Transcribe this listing exactly; omit the pictures.

INPUT DATA:

+-------+

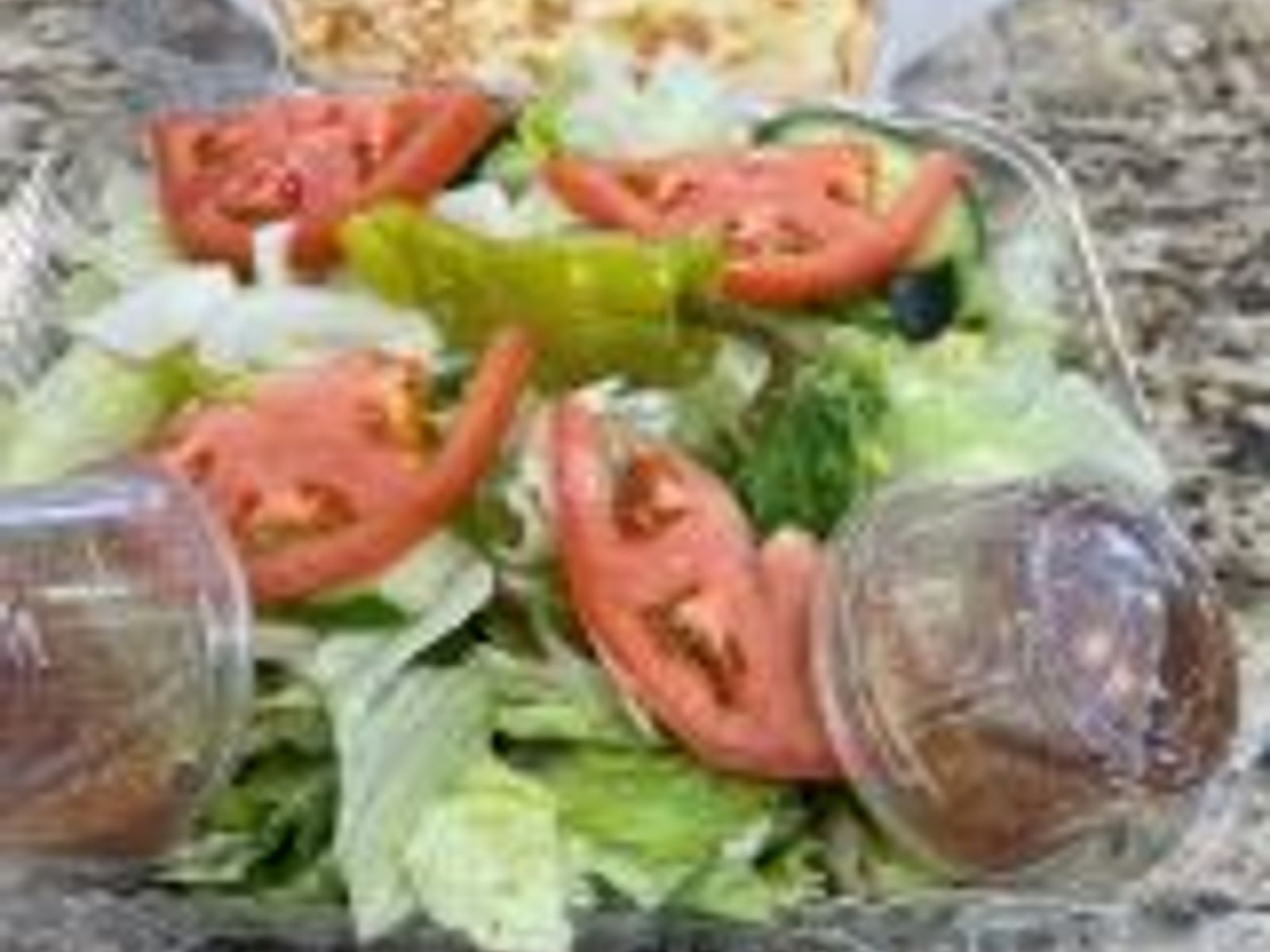 Order Garden Salad  food online from Squabs Gyros store, Melrose Park on bringmethat.com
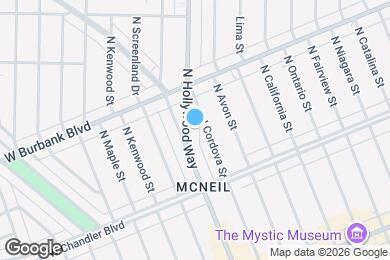 Map image of the property - 1308 N Hollywood Way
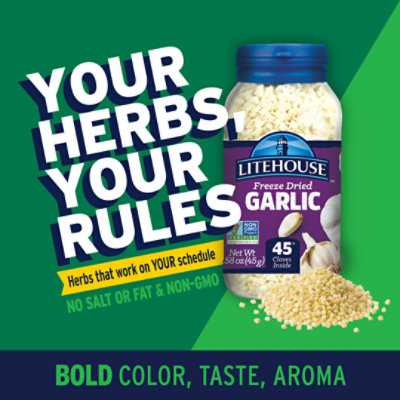 Litehouse Herbs Garlic Instantly Fresh - 1.58 Oz - Image 5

+-------+

WRITTEN RESPONSE:
 Order Garden Salad  food online from Squabs Gyros store, Melrose Park on bringmethat.com
 Map image of the property - 1308 N Hollywood Way
 Litehouse Herbs Garlic Instantly Fresh - 1.58 Oz - Image 5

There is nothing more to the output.